Jack Dorsey Wants to Abolish Managers: 'AI Should Replace Corporate Hierarchies'
Jack Dorsey speaks out again following the mass layoffs at Block with a statement destined to stir debate: according to the founder of Twitter and Square, artificial intelligence should not only replace workers but should directly eliminate corporate hierarchy. This radical vision comes about a month and a half after the announcement of 4,000 layoffs at the end of February.
Dorsey stated that traditional management structures, with their levels of middle management, endless meetings, and decision-making processes slowed down by internal bureaucracy, are now outdated in the AI era. In his view, AI models today are capable of performing many of the coordination and supervision functions that are typically assigned to middle managers within companies. In fact, new technologies would render the entire hierarchical structure on which large corporations rely superfluous.
This is not an isolated stance: Dorsey built the entire narrative around the cuts at Block on this premise.
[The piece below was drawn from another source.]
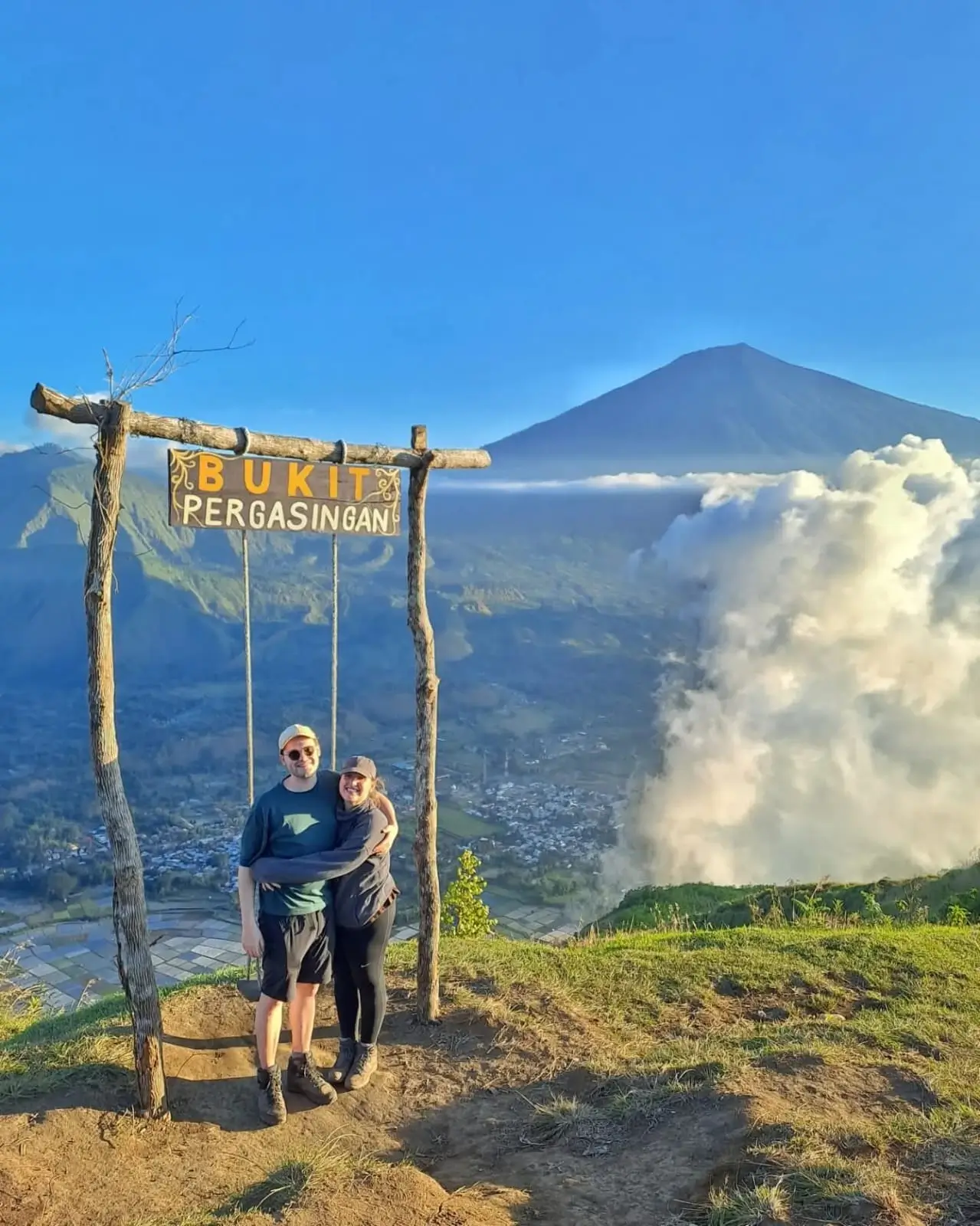 Sembalun & Senaru Waterfall Tour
When the 40% workforce reduction was announced in February, the CEO explicitly pointed to AI as both the cause and solution. He promised a leaner, faster, and more competitive company. The market responded enthusiastically, causing the stock to soar by over 20% in a single session.
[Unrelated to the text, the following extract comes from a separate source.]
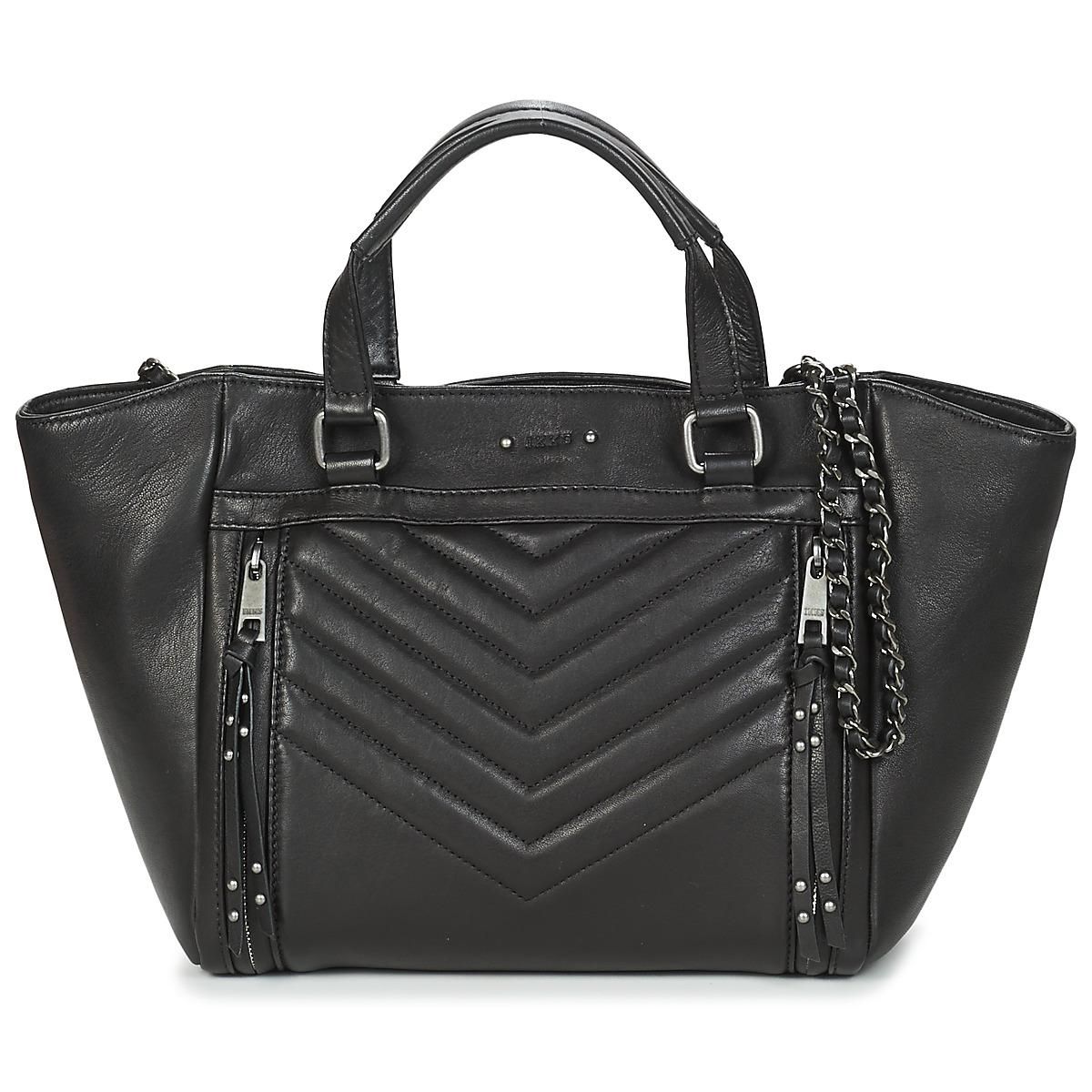 Sac cuir ikks soldes top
Now, Dorsey goes further and outlines an almost utopian (or dystopian, depending on one’s perspective) vision where future companies will be flat, decentralized, and led by AI systems instead of executives. This model somewhat resembles the philosophy of crypto-native organizations and DAOs (Decentralized Autonomous Organizations), in which Block is deeply rooted through its Bitcoin and TBD divisions.
Dorsey’s statements did not arise from an interview but from a blog post published on Sequoia Capital’s website, co-signed with Roelof Botha, a partner at the same venture capital firm. The essay, titled "From Hierarchy to Intelligence," is a lengthy manifesto in which the two authors argue that corporate hierarchical structures have remained essentially unchanged for over two thousand years (from the Roman contubernium to modern corporations) for one reason: the human limitation of the "span of control," a term used to denote a leader's inability to effectively coordinate more than 3-8 people at a time. With AI, Dorsey and Botha write, this limitation falls, along with the entire justification for the existence of middle management.
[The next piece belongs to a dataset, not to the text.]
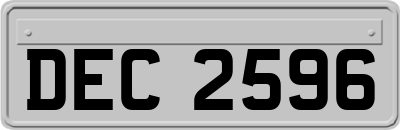 DEC2596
The reactions from the tech community have predictably polarized. On one hand, many investors and supporters of tech-solutionism applaud the vision; on the other hand, experts in corporate organization and unions point out that reducing management to "eliminable inefficiency" ignores the human value of leadership, corporate culture, and conflict management—skills that current language models are still far from reliably replicating.
The question many are asking is whether Dorsey's is a genuine strategic belief or a narrative constructed retrospectively to justify a restructuring driven mainly by financial reasons. One thing is certain: in an era where every mass layoff is rebranded as an "AI transformation," Block has become the most cited and controversial case study.